Plant Cell Wall: Structure, Component, Function

The plant cell wall is a distinctive feature that sets plant cells apart from animal cells. It is a rigid structure that surrounds the plant cell's plasma membrane. The plant cell wall is primarily composed of carbohydrates, including cellulose, hemicellulose, and pectin. Cellulose is the main component and multiple linear chains of cellulose bundled together to form microfibrils. These microfibrils are embedded in a network of other polysaccharides to form the cell wall. The thickness of the cell wall ranges from 0.1 to several micrometers.

The primary cell wall, middle lamella, secondary cell wall, and plasmodesmata.

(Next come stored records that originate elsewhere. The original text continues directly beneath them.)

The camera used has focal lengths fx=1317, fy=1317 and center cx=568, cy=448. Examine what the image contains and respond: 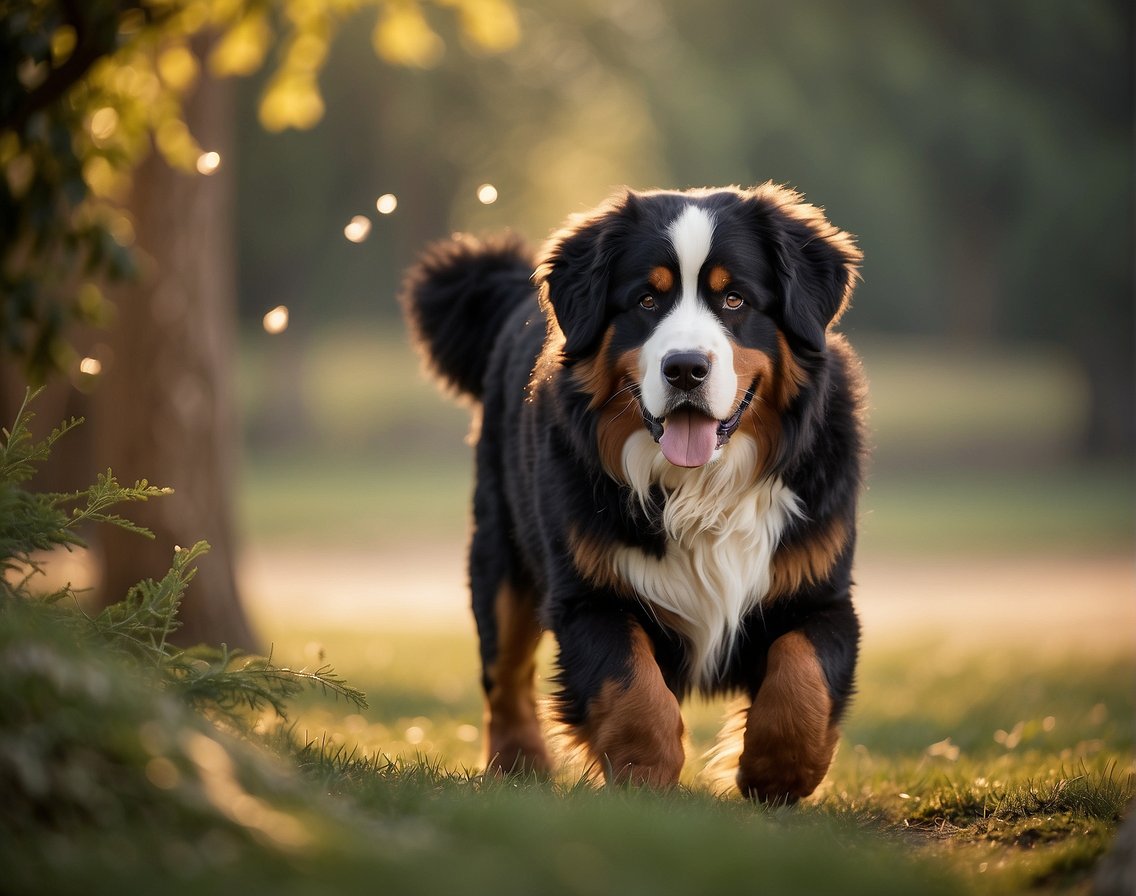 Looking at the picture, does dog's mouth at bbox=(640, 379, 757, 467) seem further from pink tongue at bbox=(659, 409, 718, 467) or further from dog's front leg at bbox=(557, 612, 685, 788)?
dog's front leg at bbox=(557, 612, 685, 788)

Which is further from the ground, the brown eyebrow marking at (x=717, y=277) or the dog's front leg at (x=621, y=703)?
the brown eyebrow marking at (x=717, y=277)

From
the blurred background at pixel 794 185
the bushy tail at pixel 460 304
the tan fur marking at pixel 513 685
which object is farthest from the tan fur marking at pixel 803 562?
the blurred background at pixel 794 185

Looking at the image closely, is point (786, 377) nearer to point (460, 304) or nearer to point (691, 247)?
point (691, 247)

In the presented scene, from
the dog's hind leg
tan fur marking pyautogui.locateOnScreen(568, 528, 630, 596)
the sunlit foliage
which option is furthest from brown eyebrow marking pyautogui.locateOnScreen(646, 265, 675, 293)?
the sunlit foliage

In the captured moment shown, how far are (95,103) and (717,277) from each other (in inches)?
132

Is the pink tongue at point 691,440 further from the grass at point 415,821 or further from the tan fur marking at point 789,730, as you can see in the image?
the grass at point 415,821

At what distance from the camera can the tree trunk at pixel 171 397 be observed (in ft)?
26.6

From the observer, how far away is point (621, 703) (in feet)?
13.7

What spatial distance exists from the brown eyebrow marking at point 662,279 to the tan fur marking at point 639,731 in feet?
4.09

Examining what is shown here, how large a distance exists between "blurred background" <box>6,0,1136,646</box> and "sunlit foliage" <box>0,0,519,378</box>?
33.4ft

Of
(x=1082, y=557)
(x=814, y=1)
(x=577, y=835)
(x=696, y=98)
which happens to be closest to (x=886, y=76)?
(x=814, y=1)

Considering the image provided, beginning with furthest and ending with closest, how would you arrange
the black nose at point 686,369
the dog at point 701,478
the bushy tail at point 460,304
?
the bushy tail at point 460,304
the dog at point 701,478
the black nose at point 686,369

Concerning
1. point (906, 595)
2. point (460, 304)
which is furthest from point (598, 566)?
point (906, 595)

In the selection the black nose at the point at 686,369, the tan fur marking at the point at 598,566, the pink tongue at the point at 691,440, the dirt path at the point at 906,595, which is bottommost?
the dirt path at the point at 906,595
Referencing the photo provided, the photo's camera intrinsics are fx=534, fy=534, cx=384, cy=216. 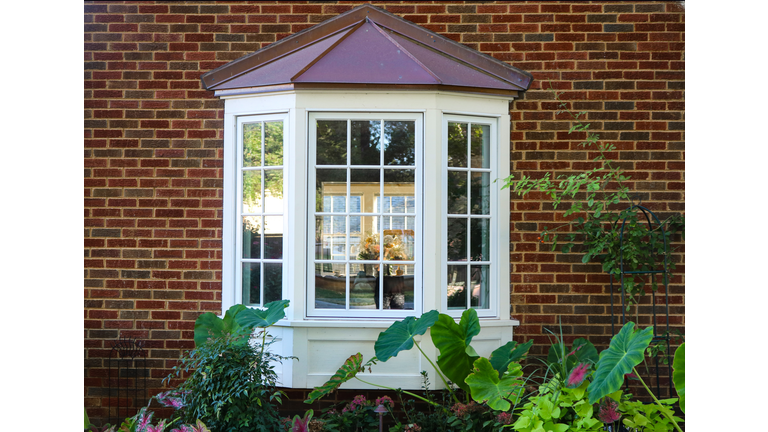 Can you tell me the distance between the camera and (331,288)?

There is a relatively thin layer called the primary cell wall adjacent to the plasma membrane in young plant cells. It is elastic and can expand its surface area as the cell grows. The primary cell wall is mainly composed of cellulose, but it also contains hemicellulose and pectin. Adjacent cells secrete polysaccharides, primarily pectin, on their contact surfaces. These polysaccharides form a thin layer called the middle lamella which acts like glue to bind the cells together.

As plant cells mature, they develop a secondary cell wall between the primary cell wall and plasma membrane to provide additional strength. The secondary cell wall is thicker and harder than the primary cell wall. It contains not only abundant cellulose but also some lignin. Lignin is a complex polymer with a high content of phenyl groups, and greatly enhances mechanical strength and hardness. Some plants also incorporate substances like suberin, cutin, and minerals into the secondary cell wall.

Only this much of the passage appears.